Nesse cenário, Murilo Borges, mestre em Direito Internacional e Direito Comparado pela USP e advogado da MBW Advocacia, avalia que as novas tarifas e controles comerciais podem atingir diretamente os contratos internacionais de fornecimento de insumos estratégicos, além de acordos de distribuição e joint ventures industriais nos setores de tecnologia e energia.

“Os minerais críticos são recursos essenciais, mas de oferta concentrada e vulnerável a contextos geopolíticos instáveis. Por isso, qualquer mudança política ou restrição de exportação tende a provocar efeitos em cascata nos contratos internacionais”, explica Borges.

Cláusulas sob teste: força maior e hardship

De acordo com o advogado, medidas repentinas como um aumento tarifário súbito ou bloqueio de exportações, podem levar empresas a acionar cláusulas de força maior ou hardship.

A primeira é aplicável quando o evento é imprevisível e inevitável, tornando impossível o cumprimento do contrato. Já a cláusula de hardship se aplica quando há onerosidade excessiva, permitindo renegociação de prazos e preços para restabelecer o equilíbrio econômico entre as partes.

“Esses instrumentos são reconhecidos em normas internacionais como a CISG e os Princípios UNIDROIT, que funcionam como referência interpretativa para contratos internacionais.
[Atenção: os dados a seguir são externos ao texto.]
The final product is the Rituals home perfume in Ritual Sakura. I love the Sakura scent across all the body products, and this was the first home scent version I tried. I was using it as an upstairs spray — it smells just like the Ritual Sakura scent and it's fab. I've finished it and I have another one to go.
O objetivo é preservar a boa-fé e evitar litígios desnecessários”, explica Borges.

As mudanças nas políticas comerciais entre EUA e China também devem ampliar o risco de disputas jurídicas, tanto na esfera privada quanto pública.
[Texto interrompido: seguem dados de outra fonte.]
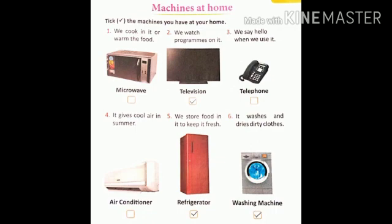Number six, we store food in it to keep it fresh. It's refrigerator. It is mostly found at everyone's home. So put a tick mark there in the given box. Now number six. It washes and dries dirty clothes. It's washing machine. It is also mostly found at everyone's home. So put a tick mark in the given box.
“Há grande probabilidade de arbitragens comerciais por alegações de descumprimento contratual e de contenciosos interestatais na OMC, caso tarifas e restrições sejam consideradas incompatíveis com o GATT ou tratados correlatos”, afirma Borges.
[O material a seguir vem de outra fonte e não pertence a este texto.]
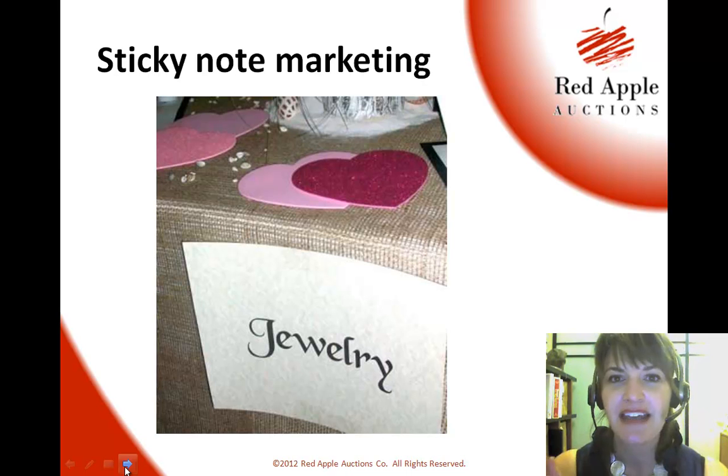You put something on there. Maybe it says this is a great Mother's Day gift, or don't forget your dad, or something like that. It's to remind people that hey, you've got this holiday coming up. You should be buying for somebody, and this is the item to buy for them.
Além disso, investidores estrangeiros podem recorrer a mecanismos de solução de controvérsias (ISDS) previstos em tratados bilaterais, se entenderem que sofreram perdas por medidas governamentais unilaterais.

Como as empresas brasileiras podem se proteger

Empresas brasileiras que dependem de insumos tecnológicos ou matérias-primas desses mercados também precisam reforçar seus mecanismos de proteção.

Segundo Borges, a principal medida é a revisão contratual, com inclusão de cláusulas de hardship, mecanismos de reajuste de preço, prazos flexíveis e previsões expressas de continuidade de fornecimento.

Ele recomenda ainda due diligence regulatória permanente sobre cadeias de suprimentos e programas de compliance voltados a controles de exportação e embargos internacionais.

“Falhas nesse tipo de controle podem gerar sanções severas e até perda de acesso a fornecedores estratégicos”, alerta o advogado.

A diversificação geográfica de fornecedores e a formação de estoques estratégicos também são essenciais, sobretudo porque regulações extraterritoriais, como os EAR (Export Administration Regulations) dos EUA, podem atingir empresas fora do país.

“Mesmo produtos chineses podem ser bloqueados se tiverem componentes com tecnologia americana”, exemplifica.

Brasil na disputa: risco e oportunidade

Apesar do cenário desafiador, Borges vê uma janela de oportunidade para o Brasil se consolidar como alternativa estável na cadeia global de minerais críticos.

“O país é rico em lítio, nióbio, grafite e terras raras, e pode atrair investimentos significativos se oferecer segurança jurídica e previsibilidade regulatória”, avalia.

A adoção de um marco regulatório claro para mineração, combinada a acordos de cooperação tecnológica e incentivos à industrialização local, pode fortalecer a posição brasileira nas cadeias de valor de alto valor agregado, como baterias, semicondutores e componentes eletrônicos.

“Com infraestrutura adequada e política estável, o Brasil pode se tornar um elo estratégico na diversificação das cadeias globais, reduzindo riscos sistêmicos e ampliando sua relevância geoeconômica”, conclui Borges.